··· RECORDS TO USE

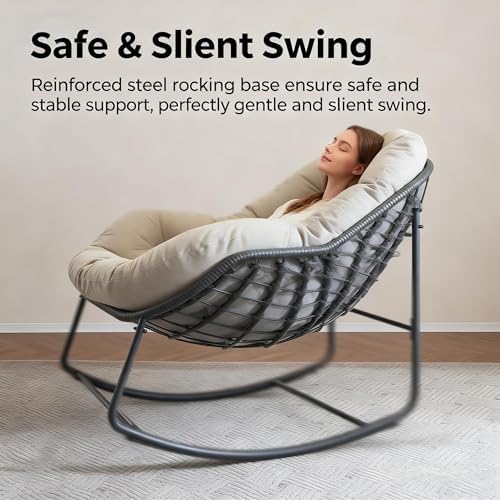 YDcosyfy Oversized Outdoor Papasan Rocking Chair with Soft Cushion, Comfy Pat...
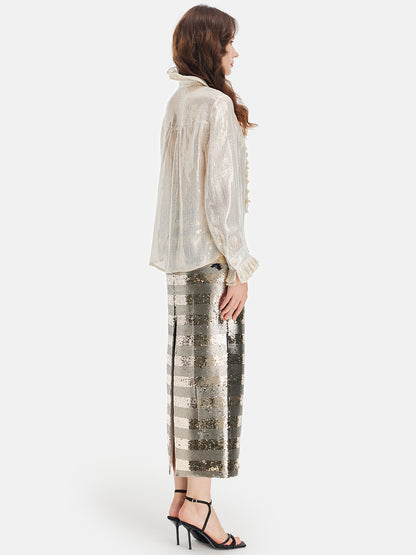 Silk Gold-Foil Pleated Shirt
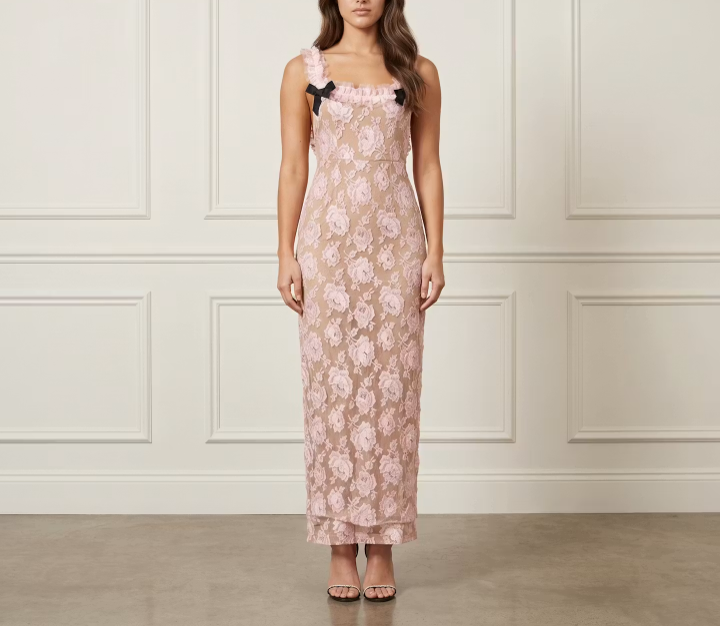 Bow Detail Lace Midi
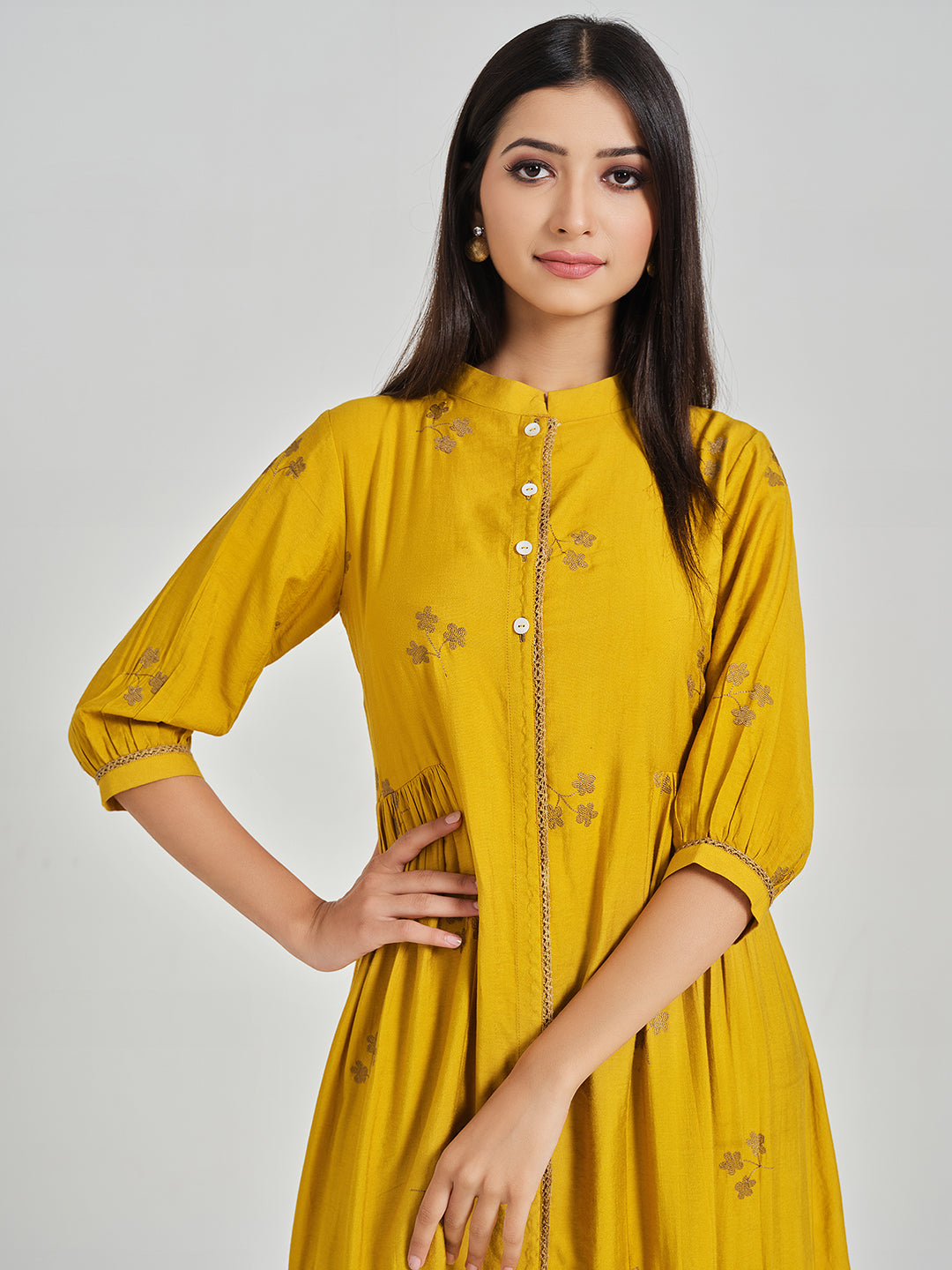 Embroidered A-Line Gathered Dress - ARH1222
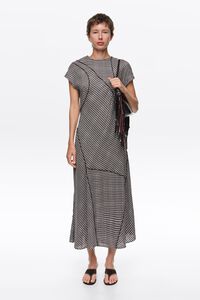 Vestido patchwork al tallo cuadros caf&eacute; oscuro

······
··· RECORDS TO USE

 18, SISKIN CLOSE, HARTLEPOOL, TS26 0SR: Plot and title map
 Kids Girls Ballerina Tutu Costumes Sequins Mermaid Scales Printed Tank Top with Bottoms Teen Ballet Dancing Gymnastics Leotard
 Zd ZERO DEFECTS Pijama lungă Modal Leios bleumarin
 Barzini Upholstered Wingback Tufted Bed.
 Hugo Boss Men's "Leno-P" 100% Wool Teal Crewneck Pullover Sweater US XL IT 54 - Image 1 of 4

······

Above are the records; copy exactly the lines from the line with "Kids Girls Ballerina" through the line with "Hugo Boss Men's", both included.

**EXPECTED ANSWER:**
 Kids Girls Ballerina Tutu Costumes Sequins Mermaid Scales Printed Tank Top with Bottoms Teen Ballet Dancing Gymnastics Leotard
 Zd ZERO DEFECTS Pijama lungă Modal Leios bleumarin
 Barzini Upholstered Wingback Tufted Bed.
 Hugo Boss Men's "Leno-P" 100% Wool Teal Crewneck Pullover Sweater US XL IT 54 - Image 1 of 4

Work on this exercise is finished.